We decided to consider that a file in a branch is new the first time that there is an action over it in that branch. Take into account that at this point CVSAnalY doesn't know anything about which files are on the tree and which file is which in another branch, either. When this happens, a new file_id is created for that file in that branch.

Let's move to @maelick example to see how this is done:

+----+------+---------+-----------+-----------+
| id | type | file_id | commit_id | branch_id |
+----+------+---------+-----------+-----------+
|  1 | A    |       1 |         1 |         1 |
|  2 | M    |       2 |         2 |         2 |
|  3 | M    |       1 |         3 |         1 |
+----+------+---------+-----------+-----------+

The first commit (id 1) creates the file "file" on master branch (branch_id 1). Then, a new branch 'test' (branch_id 2) is created and "file" is modified. When the branch is created there aren't 'A' actions in the log, so no new file is created. Then, 'file' is modified. It's the first time that CVSAnalY knows anything about this file, so the new file_id 2 for this file is created and added to the actions table.

And now. What the hell happens with SVN? Well, SVN is our Nemesis, the mother of all evil... The reason of our workarounds and tricks in CVSAnalY.

In SVN there aren't real branches. In SVN a branch is a directory that someone says that is a branch. Creating a branch in SVN is copying the trunk directory to another place. That's the reason why you can find 'A' actions for branches files. There were explicit add actions on those files (svn add commands) . But you can also won't find any of these actions because if instead of adding files you just add the directory containing those files, the SVN log only stores that a directory was added. Damn it!

Why do we need a branch_id for the files and actions? The documentation is really clear about that.
(See https://github.com/MetricsGrimoire/CVSAnalY/blob/master/help/doc/cvsanaly.texi)

While it's logical to think that a commit is always associated to a
single branch, that's not true in SVN repositories. The fact that
branches don't really exist in SVN (they are just paths in the
repository), makes possible to find commits involving files from different
branches for the same revision. It happens, indeed, more often
than expected. So, in most of the cases, all actions referencing the
same commit will reference the same branch too, but we need to keep the
relationship between action and branch in order to support all other cases. 

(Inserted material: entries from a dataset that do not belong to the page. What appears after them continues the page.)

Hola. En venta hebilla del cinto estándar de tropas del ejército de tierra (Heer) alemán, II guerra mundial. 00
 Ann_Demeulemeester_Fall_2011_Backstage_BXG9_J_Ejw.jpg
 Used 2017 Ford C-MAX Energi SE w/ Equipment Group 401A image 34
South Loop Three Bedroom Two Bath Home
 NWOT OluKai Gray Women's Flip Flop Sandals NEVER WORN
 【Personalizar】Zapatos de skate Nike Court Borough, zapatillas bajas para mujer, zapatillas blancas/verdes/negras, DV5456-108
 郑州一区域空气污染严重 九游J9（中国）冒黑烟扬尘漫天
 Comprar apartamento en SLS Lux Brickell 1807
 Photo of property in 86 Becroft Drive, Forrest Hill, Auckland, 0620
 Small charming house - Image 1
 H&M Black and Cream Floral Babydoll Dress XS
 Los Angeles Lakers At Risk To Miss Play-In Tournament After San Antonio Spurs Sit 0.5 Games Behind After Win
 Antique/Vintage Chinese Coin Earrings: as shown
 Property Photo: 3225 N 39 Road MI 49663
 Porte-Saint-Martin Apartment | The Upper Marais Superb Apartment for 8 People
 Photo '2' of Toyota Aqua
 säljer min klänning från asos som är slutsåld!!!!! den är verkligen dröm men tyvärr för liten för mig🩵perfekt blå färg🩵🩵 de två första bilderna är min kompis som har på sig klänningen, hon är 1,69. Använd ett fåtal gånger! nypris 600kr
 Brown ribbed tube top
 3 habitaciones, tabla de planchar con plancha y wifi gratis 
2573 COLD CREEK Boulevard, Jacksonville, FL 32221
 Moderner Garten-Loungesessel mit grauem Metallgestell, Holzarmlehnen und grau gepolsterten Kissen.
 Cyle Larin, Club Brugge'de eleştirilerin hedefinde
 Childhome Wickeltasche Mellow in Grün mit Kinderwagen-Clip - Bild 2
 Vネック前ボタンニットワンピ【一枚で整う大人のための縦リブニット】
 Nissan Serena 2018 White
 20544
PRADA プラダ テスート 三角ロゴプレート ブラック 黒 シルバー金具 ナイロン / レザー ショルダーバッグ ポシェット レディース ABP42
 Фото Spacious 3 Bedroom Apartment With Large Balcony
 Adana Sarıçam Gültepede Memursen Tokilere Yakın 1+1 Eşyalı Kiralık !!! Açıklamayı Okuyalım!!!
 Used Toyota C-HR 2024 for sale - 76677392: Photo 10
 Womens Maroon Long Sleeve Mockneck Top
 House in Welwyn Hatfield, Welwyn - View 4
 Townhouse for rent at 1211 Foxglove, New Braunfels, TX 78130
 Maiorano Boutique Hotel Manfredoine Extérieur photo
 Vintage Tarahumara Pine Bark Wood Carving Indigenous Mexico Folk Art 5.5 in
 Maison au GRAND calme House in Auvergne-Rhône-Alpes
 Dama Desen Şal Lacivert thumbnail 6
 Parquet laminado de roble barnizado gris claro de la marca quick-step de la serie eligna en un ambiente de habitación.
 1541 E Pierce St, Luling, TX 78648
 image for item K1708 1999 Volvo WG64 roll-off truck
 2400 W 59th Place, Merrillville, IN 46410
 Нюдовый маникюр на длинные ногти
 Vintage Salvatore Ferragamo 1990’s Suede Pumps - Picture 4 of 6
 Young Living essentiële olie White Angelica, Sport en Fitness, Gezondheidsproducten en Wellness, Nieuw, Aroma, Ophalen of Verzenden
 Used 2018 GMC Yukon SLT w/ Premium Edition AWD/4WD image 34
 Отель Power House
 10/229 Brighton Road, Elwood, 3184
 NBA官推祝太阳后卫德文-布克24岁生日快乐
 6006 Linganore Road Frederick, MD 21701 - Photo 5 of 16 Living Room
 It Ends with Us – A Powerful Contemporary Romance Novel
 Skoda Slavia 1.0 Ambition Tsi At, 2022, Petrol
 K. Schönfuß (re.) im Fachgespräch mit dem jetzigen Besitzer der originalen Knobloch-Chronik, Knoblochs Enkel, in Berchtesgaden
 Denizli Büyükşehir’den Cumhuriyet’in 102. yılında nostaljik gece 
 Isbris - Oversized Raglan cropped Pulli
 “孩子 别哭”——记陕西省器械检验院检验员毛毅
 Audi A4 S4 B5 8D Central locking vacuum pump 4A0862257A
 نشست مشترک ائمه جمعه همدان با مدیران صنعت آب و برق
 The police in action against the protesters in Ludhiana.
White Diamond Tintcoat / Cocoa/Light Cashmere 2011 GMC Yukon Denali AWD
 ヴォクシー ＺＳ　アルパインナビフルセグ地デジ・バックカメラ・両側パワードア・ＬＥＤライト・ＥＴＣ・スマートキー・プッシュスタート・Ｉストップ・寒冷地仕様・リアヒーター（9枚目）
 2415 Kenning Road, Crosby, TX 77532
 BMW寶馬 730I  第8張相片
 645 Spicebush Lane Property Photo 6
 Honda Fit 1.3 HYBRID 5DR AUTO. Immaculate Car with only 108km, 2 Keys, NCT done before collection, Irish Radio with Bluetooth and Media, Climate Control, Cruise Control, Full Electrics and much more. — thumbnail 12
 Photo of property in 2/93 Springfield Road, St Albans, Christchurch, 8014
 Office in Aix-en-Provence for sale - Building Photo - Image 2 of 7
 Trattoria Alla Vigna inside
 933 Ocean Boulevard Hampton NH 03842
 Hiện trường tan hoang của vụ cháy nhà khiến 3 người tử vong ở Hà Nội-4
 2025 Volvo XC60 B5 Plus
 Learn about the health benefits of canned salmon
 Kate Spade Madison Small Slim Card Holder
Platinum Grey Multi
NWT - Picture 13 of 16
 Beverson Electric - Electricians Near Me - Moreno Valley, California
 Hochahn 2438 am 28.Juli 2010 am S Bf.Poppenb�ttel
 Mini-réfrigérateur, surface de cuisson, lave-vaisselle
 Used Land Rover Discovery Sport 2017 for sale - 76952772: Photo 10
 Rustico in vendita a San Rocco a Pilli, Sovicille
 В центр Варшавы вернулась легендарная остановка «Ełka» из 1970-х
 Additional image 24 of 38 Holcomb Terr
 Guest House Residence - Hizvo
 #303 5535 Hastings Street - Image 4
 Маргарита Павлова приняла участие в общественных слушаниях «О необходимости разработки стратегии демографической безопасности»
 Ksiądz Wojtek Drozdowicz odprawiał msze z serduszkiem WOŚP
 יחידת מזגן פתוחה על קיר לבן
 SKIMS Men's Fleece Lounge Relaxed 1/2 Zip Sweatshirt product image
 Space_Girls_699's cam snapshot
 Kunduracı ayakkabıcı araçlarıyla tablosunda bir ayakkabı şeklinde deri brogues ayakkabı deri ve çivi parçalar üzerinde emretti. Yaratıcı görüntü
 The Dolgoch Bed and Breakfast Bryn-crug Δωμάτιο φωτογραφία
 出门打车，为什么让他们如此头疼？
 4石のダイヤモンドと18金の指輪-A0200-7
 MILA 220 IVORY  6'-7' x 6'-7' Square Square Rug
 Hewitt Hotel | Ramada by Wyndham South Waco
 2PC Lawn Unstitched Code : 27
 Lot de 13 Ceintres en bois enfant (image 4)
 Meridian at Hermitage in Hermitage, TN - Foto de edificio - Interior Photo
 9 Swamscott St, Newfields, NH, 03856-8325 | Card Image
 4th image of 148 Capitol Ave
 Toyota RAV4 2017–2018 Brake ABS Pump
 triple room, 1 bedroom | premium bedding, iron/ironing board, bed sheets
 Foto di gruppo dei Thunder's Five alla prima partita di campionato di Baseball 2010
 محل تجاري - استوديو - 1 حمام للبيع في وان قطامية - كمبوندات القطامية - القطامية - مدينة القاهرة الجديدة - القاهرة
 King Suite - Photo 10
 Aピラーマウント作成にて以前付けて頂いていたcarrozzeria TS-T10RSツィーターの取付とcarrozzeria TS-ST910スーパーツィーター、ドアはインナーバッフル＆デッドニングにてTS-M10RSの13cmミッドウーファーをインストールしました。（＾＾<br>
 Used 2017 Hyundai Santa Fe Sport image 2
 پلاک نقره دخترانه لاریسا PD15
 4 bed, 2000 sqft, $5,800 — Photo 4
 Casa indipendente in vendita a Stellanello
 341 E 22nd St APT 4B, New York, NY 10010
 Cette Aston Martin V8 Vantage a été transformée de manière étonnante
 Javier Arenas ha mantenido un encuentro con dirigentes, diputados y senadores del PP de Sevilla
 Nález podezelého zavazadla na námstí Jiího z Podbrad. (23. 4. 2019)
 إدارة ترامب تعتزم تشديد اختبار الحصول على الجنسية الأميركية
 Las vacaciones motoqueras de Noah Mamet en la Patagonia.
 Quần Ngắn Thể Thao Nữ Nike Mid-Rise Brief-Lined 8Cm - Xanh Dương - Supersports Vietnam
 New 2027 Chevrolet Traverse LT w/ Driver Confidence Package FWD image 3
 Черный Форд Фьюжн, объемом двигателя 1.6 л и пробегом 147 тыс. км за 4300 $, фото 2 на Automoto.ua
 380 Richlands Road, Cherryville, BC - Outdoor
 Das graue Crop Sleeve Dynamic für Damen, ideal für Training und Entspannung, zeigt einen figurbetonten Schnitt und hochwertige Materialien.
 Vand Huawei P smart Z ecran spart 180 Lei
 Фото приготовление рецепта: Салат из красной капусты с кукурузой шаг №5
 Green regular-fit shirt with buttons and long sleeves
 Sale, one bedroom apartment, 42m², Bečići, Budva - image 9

Think that CVSAnalY was designed first for CVS and SVN. Git was added later. Nowadays CVS and SVN are deprecated. Rethinking on how to do these things can led us to a better design.

@maelick
Copy link
Contributor Author

maelick commented Dec 10, 2013

Thanks for your clarification. I understand why there is branch_id field in the actions table. However my concern was not about the branch_id field in the actions table. Moreover you mentioned also branch_id field in the files table but there aren't (only repository_id). When I mentioned branch id it isn't related to the database schema but in the python source code of CVSAnalY. For example those lines add the branch id before the file path and thus create a file entry for each branch when there is an action on that branch and file.

Again I understand clearly why actions need to be related to branches but why do files? The only answer I can find to this answer is that it can lead to problems when files are deleted on a branch and not the other one... which is exactly the kind of problems I relate here. The main problem related I encountered is that it is impossible to reconstruct the list (or number) of files that existed in a repository at a given time even for centralized VCS.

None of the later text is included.